Handling HTTP Requests for Keyed Streams

2021-08-16 Thread Rion Williams
Hi all,

I've been exploring a few different options for storing tenant-specific
configurations within Flink state based on the messages I have flowing
through my job. Initially I had considered creating a source that would
periodically poll an HTTP API and connect that stream to my original event
stream.

However, I realized that this configuration information would basically
never change and thus it doesn't quite make sense to poll so frequently. My
next approach would be to have a function that would be keyed (by tenant)
and storing the configuration for that tenant in state (and issue an HTTP
call when I did not have it).
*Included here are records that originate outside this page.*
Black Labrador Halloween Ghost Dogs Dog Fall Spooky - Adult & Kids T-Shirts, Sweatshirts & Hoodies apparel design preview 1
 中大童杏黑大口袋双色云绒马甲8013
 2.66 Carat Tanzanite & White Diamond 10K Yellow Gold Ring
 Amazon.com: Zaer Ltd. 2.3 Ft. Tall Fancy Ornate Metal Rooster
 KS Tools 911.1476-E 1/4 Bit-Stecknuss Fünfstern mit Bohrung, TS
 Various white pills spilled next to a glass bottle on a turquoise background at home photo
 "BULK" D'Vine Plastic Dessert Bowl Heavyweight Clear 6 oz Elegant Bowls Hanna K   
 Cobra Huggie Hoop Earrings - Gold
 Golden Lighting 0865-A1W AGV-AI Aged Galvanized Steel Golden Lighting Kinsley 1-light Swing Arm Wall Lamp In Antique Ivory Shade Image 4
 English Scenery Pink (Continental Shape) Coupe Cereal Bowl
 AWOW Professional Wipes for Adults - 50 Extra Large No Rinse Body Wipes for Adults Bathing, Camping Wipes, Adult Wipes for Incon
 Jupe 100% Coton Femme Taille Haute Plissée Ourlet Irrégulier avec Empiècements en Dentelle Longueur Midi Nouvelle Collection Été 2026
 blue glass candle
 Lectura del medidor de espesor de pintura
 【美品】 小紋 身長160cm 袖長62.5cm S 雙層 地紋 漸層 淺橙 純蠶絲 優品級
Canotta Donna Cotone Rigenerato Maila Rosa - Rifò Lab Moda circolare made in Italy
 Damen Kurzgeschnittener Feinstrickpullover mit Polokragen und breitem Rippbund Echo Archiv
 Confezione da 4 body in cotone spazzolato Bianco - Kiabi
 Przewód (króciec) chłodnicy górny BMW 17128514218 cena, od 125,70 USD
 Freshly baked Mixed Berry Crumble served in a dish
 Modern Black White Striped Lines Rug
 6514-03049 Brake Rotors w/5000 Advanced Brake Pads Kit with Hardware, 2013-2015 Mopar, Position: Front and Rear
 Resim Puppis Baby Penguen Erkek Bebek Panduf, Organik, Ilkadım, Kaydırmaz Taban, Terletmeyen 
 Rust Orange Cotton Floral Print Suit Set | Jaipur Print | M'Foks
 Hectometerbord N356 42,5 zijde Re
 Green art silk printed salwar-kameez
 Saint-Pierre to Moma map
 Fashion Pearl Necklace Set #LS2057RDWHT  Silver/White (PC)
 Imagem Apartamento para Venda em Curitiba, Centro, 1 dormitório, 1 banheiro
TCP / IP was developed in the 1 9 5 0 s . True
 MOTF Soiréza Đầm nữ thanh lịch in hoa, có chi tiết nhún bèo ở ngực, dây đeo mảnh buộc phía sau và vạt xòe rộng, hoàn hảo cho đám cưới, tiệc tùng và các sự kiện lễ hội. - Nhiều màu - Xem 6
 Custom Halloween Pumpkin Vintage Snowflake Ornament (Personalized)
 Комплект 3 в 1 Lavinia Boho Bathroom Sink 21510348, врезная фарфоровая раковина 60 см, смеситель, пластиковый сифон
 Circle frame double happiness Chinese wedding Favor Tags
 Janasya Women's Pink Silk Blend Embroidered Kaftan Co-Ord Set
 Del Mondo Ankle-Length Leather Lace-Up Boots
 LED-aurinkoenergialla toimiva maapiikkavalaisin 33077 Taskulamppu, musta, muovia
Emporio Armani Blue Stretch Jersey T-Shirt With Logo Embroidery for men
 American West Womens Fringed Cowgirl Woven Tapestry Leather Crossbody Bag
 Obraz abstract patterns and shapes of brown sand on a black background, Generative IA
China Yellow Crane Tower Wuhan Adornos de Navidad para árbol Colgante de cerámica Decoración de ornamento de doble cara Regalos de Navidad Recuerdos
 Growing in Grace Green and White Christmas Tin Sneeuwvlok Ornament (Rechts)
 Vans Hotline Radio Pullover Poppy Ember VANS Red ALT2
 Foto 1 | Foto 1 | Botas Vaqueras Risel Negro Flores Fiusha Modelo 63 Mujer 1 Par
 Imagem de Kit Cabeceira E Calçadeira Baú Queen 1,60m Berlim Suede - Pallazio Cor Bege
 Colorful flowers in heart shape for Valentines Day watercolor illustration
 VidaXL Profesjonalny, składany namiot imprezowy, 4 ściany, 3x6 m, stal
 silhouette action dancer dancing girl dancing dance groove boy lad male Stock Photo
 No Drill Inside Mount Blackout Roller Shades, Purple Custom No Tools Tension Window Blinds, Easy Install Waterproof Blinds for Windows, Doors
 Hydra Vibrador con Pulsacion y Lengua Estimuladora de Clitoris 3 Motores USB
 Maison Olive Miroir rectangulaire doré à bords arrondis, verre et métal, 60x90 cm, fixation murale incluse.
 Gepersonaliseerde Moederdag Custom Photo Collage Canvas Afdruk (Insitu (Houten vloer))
Something like this:

class ConfigurationLookupFunction: KeyedProcessFunction() {
// Tenant specific configuration
private lateinit var httpClient: HttpClient
private lateinit var configuration: ValueState

override fun open(parameters: Configuration) {
super.open(parameters)
httpClient = HttpClient.newHttpClient()
}

override fun processElement(message: JsonObject, context: Context,
out: Collector) {
if (configuration.value() == null){
// Issue a request to the appropriate API to load the configuration
val url =
HttpRequest.newBuilder(URI.create(".../${context.currentKey}")).build()
httpClient.send(..., {
// Store the configuration info within state here
configuration.update(...)
})

out.collect(message)
}
else {
// Get the configuration information and pass it
downstream to be used by the sink
out.collect(message)
}
}
}

I didn't see any support for using the Async I/O functions from a keyed
context, otherwise I'd imagine that would be ideal. The requests themselves
should be very infrequent (initial call per tenant) and I'd imagine after
that the necessary configuration could be pulled/stored within the state
for that key.

Is there a good way of handling this that I might be overlooking with an
existing Flink construct or function? I'd love to be able to leverage the
Async I/O connectors as they seem pretty well thought out.

Thanks in advance!

Rion


Re: Handling HTTP Requests for Keyed Streams

2021-08-16 Thread Caizhi Weng
Hi!

As you mentioned that the configuration fetching is very infrequent, why
don't you use a blocking approach to send HTTP requests and receive
responses? This seems like a more reasonable solution to me.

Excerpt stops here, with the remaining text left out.